### YOUR ASSIGNMENT
The answer must be an exact copy of every entry, with no pictures in it.

Entries taken from a collection
#####
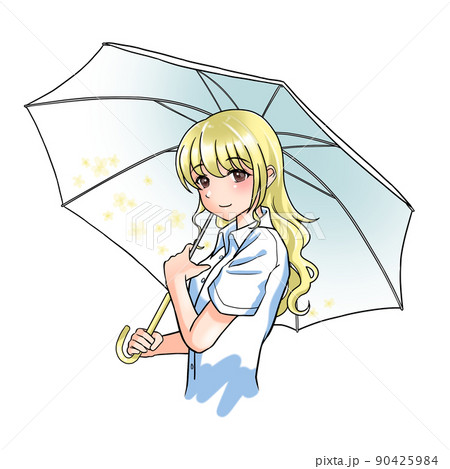 花柄の傘をさす黄色担当巻き髪の女の子 花柄の傘をさす黄色担当巻き髪の女の子 90425984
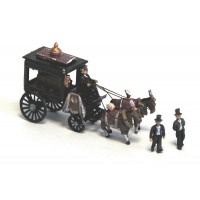 E48 Horse Drawn Hearse + figures Unpainted Kit N Scale 1:148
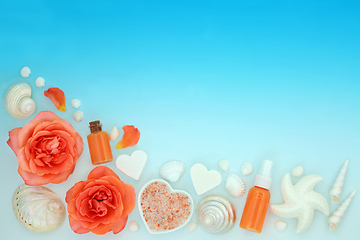 Image showing Orange Rose Flower Spa Beauty Treatment Products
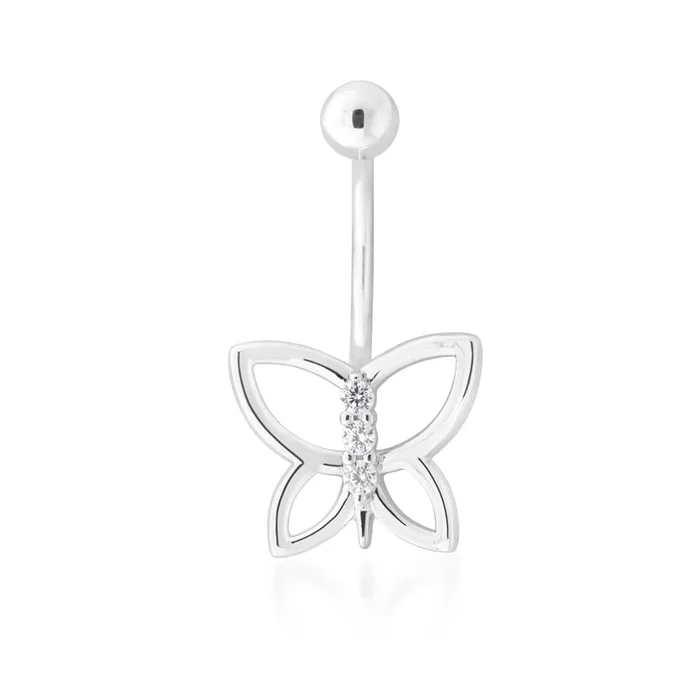 Sterling Silver Belly Bar Zirconia Butterfly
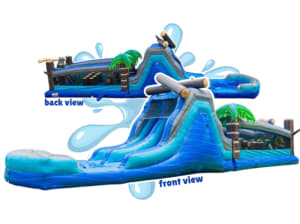 45 ft Tropic Rush Obstacle Course WET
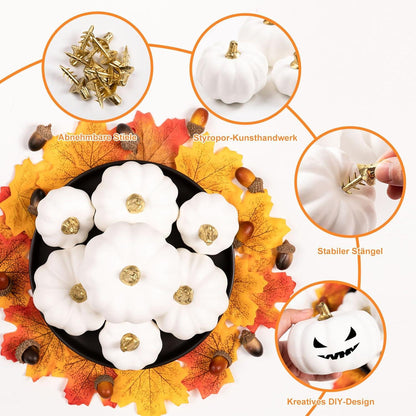 Künstliche Weiße Mini Kürbis Herbst Dekoration Halloween Thanksgiving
#####
### SOLUTION FOR THIS PROBLEM
 花柄の傘をさす黄色担当巻き髪の女の子 花柄の傘をさす黄色担当巻き髪の女の子 90425984
 E48 Horse Drawn Hearse + figures Unpainted Kit N Scale 1:148
 Image showing Orange Rose Flower Spa Beauty Treatment Products
 Sterling Silver Belly Bar Zirconia Butterfly
 45 ft Tropic Rush Obstacle Course WET
 Künstliche Weiße Mini Kürbis Herbst Dekoration Halloween Thanksgiving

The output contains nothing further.